Bene, in realtà il seminario ormai è andato e io non ho altro da fare fino a domani sera, quando devo andare a tifare per le signore di Domus Amigas che devono essere presentate a un dibattito come esempio di buona pratica di sviluppo locale.

In realtà io e Fabio avremmo anche un appuntamento con una ragazza che vorrebbe fare uno stage nel progetto: io l’ho incontrata fra il pubblico del dibattito e le ho dato appuntamento a domani. Fabio è sconcertato di non averla riconosciuta: sembra scortese non averla salutata, e poi è abbastanza sorprendente che non l’abbia notata in sala… perchè la ragazza, diciamo, non è di quelle che passano inosservate. Si vede che anche lui era teso per il seminario….

Insomma, mi si prospetta un pomeriggio di visita della fiera fino al momento di andare a casa di mia sorella, Iole. Fabio generosamente si offre di accompagnarmi fino da lei a Prato, «solo il tempo di parlare con un paio di persone».

Nello stand di Banca Etica in tre metri quadri si svolgono sei riunioni: Fabio viene risucchiato in un confronto sulla moneta alternativa marchigiana e io sono abbandonato a me stesso. Mi saluta con un «un attimo e arrivo…» e capisco che vedrò Iole per metà sera, se va bene.

Gaffes?

Nel frattempo saluto metà della sede operativa della Banca (l’altra metà sta facendo riunioni o è dispersa per mille dibattiti o convegni nella Fiera); baci e abbracci si sprecano, e rispetto all’anno scorso li trovo molto più rilassati – forse perchè è solo il primo giorno.

Due o tre mi chiedono, per educazione, come va il progetto (di cui sembra che tutta Banca Etica abbia sentito parlare) e che si fa in Sardegna. Io credo che me lo stiano chiedendo sul serio e li sommergo con problemi, dati, necessità di chiarimenti sulle prospettive future, opportunità di sviluppo.

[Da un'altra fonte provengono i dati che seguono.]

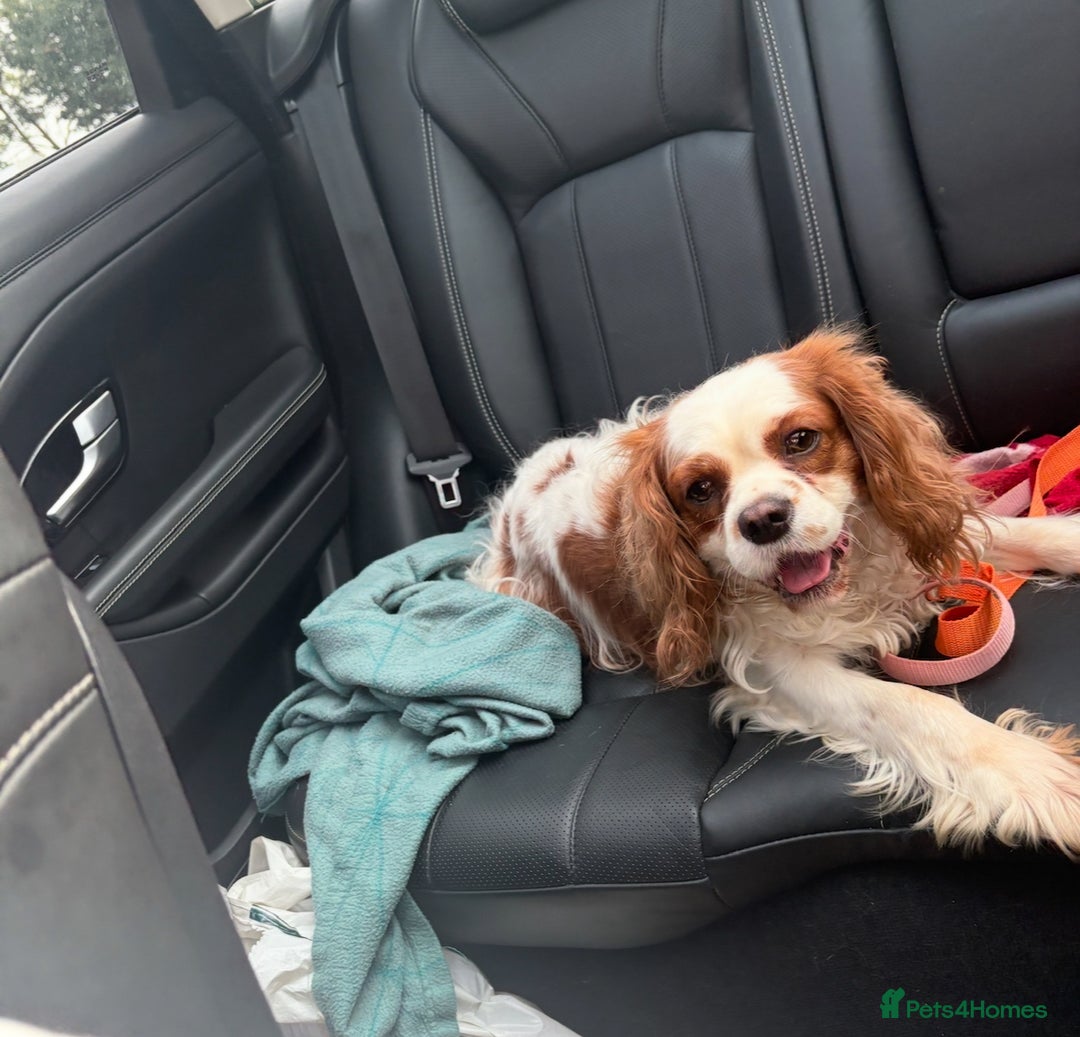 Cavalier King Charles Spaniel dogs for sale: Beautiful Kc Cavalier king charles  - Image 6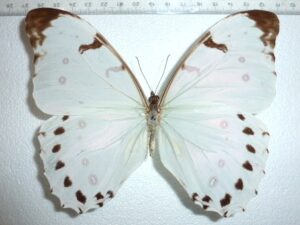 Morpho luna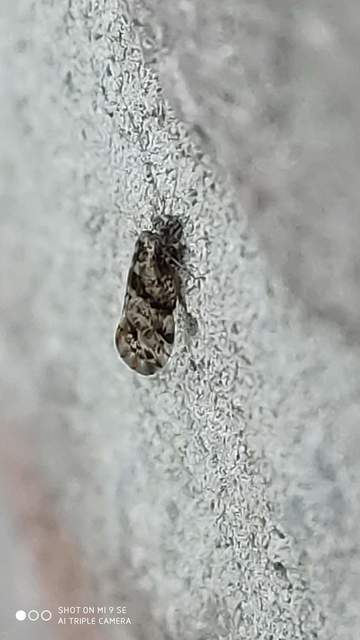 Psocoptera - Fürgetetvek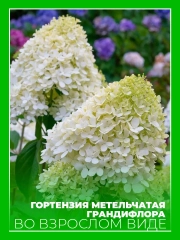 Гортензия метельчатая Грандифлора
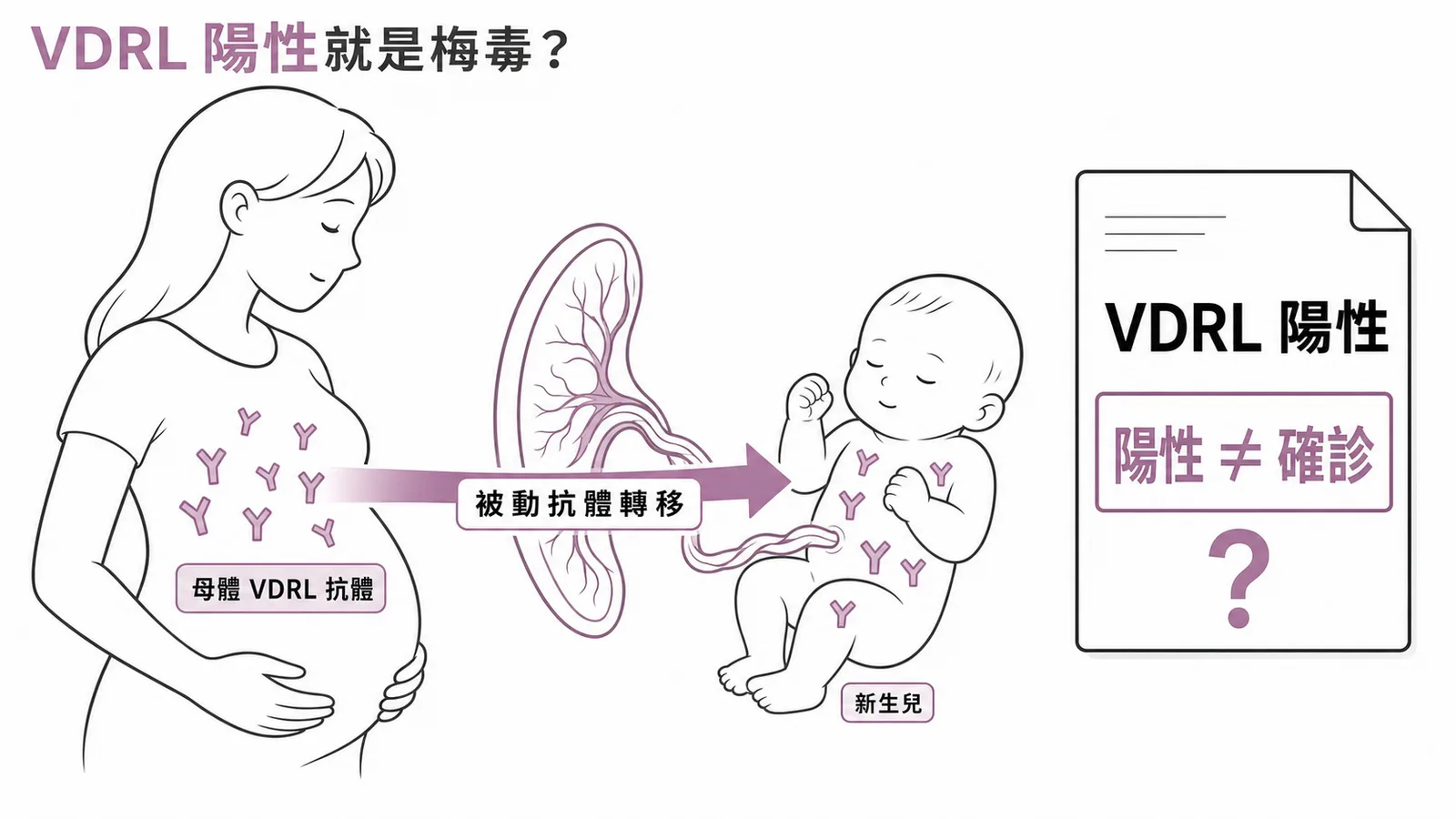 新生兒 VDRL 陽性為母體抗體被動轉移示意圖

Il risultato è che viene convocata sui due piedi una riunione “sulla Sardegna” da fare quando i vari interessati si saranno liberati dalle attività che stanno facendo adesso. Fabio è basito, avendo chiesto la stessa cosa da un po’ senza risultati. «Che gli hai detto?», mi fa. Io posso solo allargare le braccia. Ci diamo appuntamento verso le sei. Capita l’antifona, avviso mia sorella che ci vedremo per cena… se va bene.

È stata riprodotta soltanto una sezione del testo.